Re: [PATCH v2 2/2] xfs: kick extra large ioends to completion workqueue
From: "Darrick J. Wong" <djwong@kernel.org>
Date: 2021-05-06 19:34:13
Also in:
linux-fsdevel
On Tue, Oct 06, 2020 at 03:07:20PM +0100, Matthew Wilcox wrote:
On Mon, Oct 05, 2020 at 08:55:37PM -0700, Darrick J. Wong wrote:quoted
On Mon, Oct 05, 2020 at 11:21:02AM -0400, Brian Foster wrote:quoted
We've had reports of soft lockup warnings in the iomap ioend completion path due to very large bios and/or bio chains. Divert any ioends with 256k or more pages to process to the workqueue so completion occurs in non-atomic context and can reschedule to avoid soft lockup warnings.Hmmmm... is there any way we can just make end_page_writeback faster?There are ways to make it faster. I don't know if they're a "just" solution ... 1. We can use THPs. That will reduce the number of pages being operated on. I hear somebody might have a patch set for that. Incidentally, this patch set will clash with the THP patchset, so one of us is going to have to rebase on the other's work. Not a complaint, just acknowledging that some coordination will be needed for the 5.11 merge window.
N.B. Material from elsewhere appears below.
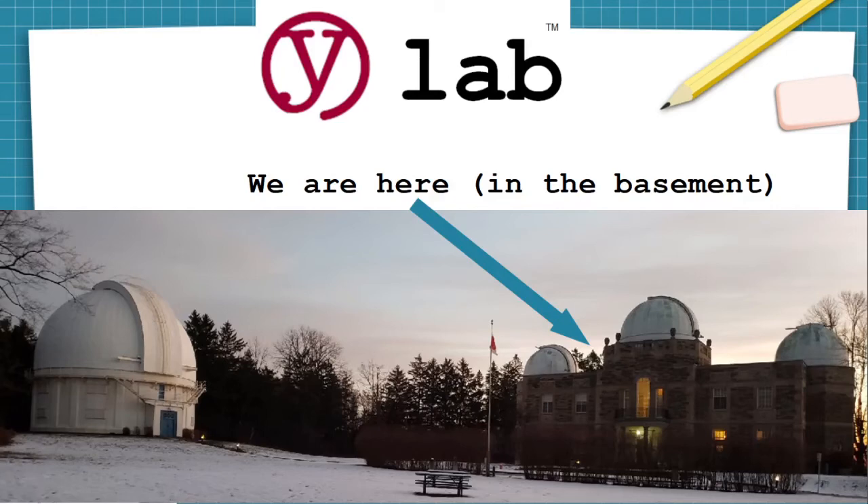Welcome to YLAB, the makerspace located in the basement workshops of the historic David Dunlap Observatory in Richmond Hill, Ontario, Canada, where we have a laser cutter that's really big, but not quite big enough to cut James Bond in half.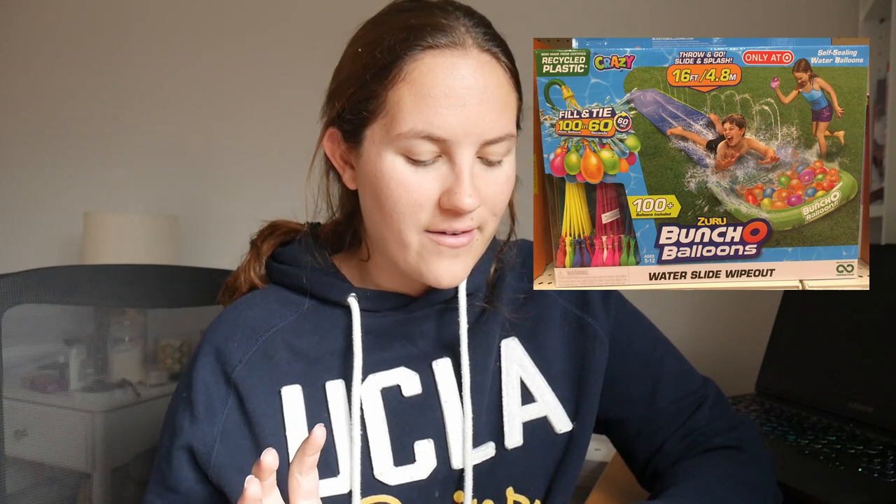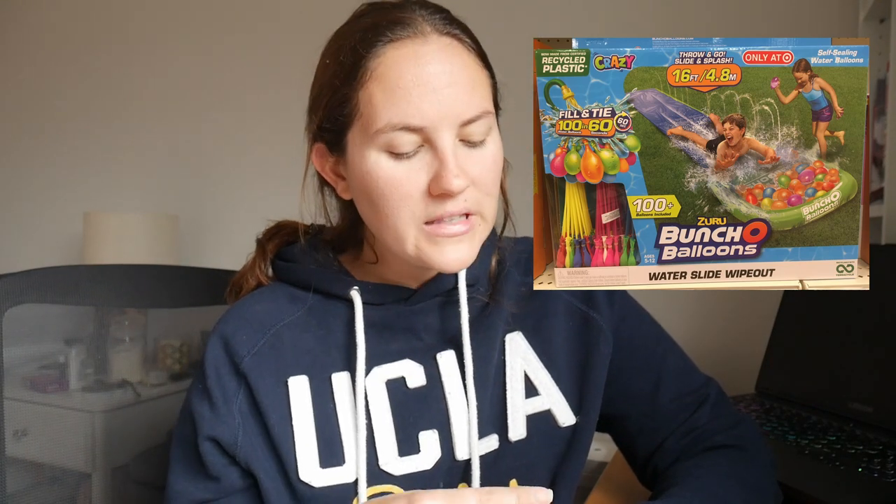The next thing on my list was this bunch of balloons water slide wipeout, only at Target — very American. I have not encountered as many water slides in the UK as I used to in the States. I'm a big fan of water slides; these were a huge staple in my childhood. And we couldn't just have a regular water slide for your backyard — it has to be the bunch of balloons water slide with self-sealing water balloons. In the UK, a water slide would just be a water slide. Americans are like, that's not enough — we need a hundred water balloons at the end waiting for you.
How far off is this, anyway? I assume it's in line behind the folio series?
2. We could create end_writeback_pages(struct pagevec *pvec) which calls a new test_clear_writeback_pages(pvec). That could amortise taking the memcg lock and finding the lruvec and taking the mapping lock -- assuming these pages are sufficiently virtually contiguous. It can definitely amortise all the statistics updates.
/me kinda wonders if THPs arent the better solution for people who want to run large ios.
3. We can make wake_up_page(page, PG_writeback); more efficient. If you can produce this situation on demand, I had a patch for that which languished due to lack of interest.
I can (well, someone can) so I'll talk to you internally about their seeekret reproducer.